Javier Velaza, Dean of the Faculty of Philology and Communication at the University of Barcelona, wins the 37th Loewe Poetry Prize

Javier Velaza, professor of Latin Philology and Dean of the Faculty of Philology and Communication at the University of Barcelona, has been awarded the prestigious Loewe International Poetry Prize, in its 37th edition. Velaza has won this award, considered one of the most notorious in Spanish-language literature, for his work Las ignorancias. The book, which explores in a deep and subtle way the limits of knowledge and the human condition, has been praised by the jury as one of the most relevant works of contemporary poetry.

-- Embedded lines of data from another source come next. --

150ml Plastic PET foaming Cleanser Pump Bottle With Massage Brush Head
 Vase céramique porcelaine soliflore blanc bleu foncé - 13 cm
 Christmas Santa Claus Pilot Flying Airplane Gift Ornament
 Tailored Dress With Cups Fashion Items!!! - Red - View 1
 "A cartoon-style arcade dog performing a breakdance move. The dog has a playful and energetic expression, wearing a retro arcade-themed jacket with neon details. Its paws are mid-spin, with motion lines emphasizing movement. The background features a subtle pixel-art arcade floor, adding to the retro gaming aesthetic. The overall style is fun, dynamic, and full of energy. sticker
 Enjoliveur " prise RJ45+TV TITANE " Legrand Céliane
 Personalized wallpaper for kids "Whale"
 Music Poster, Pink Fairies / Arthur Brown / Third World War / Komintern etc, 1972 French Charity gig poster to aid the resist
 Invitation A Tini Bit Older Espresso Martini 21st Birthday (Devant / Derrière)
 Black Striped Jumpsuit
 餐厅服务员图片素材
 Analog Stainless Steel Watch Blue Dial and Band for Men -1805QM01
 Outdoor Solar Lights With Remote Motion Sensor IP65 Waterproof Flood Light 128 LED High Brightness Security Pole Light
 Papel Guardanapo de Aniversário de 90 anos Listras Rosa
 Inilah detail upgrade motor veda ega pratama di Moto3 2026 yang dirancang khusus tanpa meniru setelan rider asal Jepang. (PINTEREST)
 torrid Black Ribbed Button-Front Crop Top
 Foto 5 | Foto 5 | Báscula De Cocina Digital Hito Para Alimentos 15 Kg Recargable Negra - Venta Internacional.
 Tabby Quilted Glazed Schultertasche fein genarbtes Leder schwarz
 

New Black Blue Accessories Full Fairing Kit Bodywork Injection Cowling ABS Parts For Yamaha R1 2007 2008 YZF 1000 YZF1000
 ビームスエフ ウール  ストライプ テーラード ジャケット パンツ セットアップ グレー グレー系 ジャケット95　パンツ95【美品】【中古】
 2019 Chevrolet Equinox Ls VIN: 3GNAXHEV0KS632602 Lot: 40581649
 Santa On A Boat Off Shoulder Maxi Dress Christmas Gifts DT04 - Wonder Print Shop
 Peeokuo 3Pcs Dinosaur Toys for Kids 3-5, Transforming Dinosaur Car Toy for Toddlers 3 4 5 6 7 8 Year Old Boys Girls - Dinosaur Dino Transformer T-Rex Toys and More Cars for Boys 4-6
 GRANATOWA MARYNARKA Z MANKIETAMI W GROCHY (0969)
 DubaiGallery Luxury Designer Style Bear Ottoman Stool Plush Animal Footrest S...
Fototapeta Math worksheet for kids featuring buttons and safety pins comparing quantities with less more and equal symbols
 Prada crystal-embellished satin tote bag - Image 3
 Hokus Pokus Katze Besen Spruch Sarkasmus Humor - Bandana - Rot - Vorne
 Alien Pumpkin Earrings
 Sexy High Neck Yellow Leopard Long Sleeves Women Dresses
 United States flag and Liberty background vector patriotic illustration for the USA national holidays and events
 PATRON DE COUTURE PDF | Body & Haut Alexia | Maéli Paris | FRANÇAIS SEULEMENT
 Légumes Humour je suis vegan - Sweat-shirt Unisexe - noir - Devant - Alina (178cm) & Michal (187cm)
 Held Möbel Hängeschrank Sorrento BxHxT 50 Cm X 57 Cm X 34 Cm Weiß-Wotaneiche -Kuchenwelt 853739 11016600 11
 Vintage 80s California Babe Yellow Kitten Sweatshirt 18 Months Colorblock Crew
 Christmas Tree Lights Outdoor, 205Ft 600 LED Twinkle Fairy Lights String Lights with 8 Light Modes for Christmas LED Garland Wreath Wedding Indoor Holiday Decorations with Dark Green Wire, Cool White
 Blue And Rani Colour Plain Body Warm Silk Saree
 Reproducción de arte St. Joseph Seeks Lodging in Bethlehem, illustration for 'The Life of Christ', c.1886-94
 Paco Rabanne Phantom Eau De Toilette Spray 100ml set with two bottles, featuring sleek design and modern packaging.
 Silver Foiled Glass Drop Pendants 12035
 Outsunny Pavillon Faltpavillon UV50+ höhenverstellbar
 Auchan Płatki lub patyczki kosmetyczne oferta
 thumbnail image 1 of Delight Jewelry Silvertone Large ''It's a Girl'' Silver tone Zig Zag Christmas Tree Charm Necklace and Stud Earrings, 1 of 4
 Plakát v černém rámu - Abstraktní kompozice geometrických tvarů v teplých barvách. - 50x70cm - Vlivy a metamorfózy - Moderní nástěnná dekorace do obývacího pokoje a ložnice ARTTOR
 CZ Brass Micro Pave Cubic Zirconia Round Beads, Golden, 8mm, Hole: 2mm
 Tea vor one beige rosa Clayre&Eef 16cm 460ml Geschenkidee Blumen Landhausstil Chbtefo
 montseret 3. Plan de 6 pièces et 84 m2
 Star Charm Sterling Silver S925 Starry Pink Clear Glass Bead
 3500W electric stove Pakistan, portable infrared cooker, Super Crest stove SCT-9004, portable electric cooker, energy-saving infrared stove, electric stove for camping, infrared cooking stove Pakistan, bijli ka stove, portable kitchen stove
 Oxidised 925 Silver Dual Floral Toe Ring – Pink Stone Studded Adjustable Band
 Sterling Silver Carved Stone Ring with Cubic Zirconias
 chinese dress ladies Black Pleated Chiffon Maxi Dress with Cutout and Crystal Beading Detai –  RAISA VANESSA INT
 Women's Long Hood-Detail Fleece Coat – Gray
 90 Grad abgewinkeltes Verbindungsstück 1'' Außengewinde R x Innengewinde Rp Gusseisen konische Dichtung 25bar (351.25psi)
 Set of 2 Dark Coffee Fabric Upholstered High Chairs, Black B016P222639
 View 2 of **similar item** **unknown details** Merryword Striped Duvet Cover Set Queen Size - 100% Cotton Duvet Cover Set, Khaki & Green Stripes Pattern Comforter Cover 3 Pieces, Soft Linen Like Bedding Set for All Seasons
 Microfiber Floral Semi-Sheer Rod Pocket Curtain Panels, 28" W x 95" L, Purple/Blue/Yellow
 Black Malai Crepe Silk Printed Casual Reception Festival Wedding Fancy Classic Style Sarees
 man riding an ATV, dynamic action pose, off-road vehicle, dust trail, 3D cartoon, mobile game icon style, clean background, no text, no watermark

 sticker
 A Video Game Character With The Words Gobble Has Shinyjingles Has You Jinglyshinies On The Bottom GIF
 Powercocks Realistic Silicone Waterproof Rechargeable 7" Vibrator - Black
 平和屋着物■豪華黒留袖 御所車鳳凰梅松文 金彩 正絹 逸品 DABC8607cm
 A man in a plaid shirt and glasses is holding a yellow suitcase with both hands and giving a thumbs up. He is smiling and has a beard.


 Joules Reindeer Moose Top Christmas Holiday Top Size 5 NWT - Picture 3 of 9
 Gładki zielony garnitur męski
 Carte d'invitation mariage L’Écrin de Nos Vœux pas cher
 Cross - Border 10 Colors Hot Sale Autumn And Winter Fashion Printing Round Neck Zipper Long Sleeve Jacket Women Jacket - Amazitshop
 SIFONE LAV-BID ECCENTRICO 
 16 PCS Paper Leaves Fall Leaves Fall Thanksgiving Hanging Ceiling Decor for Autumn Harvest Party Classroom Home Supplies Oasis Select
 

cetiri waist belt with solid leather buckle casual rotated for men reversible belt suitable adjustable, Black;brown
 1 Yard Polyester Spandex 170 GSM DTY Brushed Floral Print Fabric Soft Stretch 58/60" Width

Javier Velaza, professor of Latin Philology and Dean of the Faculty of Philology and Communication at the University of Barcelona, has been awarded the prestigious Loewe International Poetry Prize, in its 37th edition. Velaza has won this award, considered one of the most notorious in Spanish-language literature, for his work Las ignorancias. The book, which explores in a deep and subtle way the limits of knowledge and the human condition, has been praised by the jury as one of the most relevant works of contemporary poetry.
The winner will receive 30,000 euros for a prize for which 2,260 manuscripts from 39 countries were submitted. The award ceremony and the presentation of the book, which will be published in the Visor de Poesía Collection, will take place in March 2025.
As the poet himself has explained, Las ignorancias explores the ignorant condition of the human being, and is based on the three axioms of the philosopher Gorgias: nothing exists, if something existed it would be unknowable, and if something existed and was knowable it would be incommunicable. Velaza’s collection of poems is built on these three axioms: in the first part he investigates this unknowable essence of the human being; in the second, he does so from the point of view of philosophy, while in the third he debates the communicability of facts.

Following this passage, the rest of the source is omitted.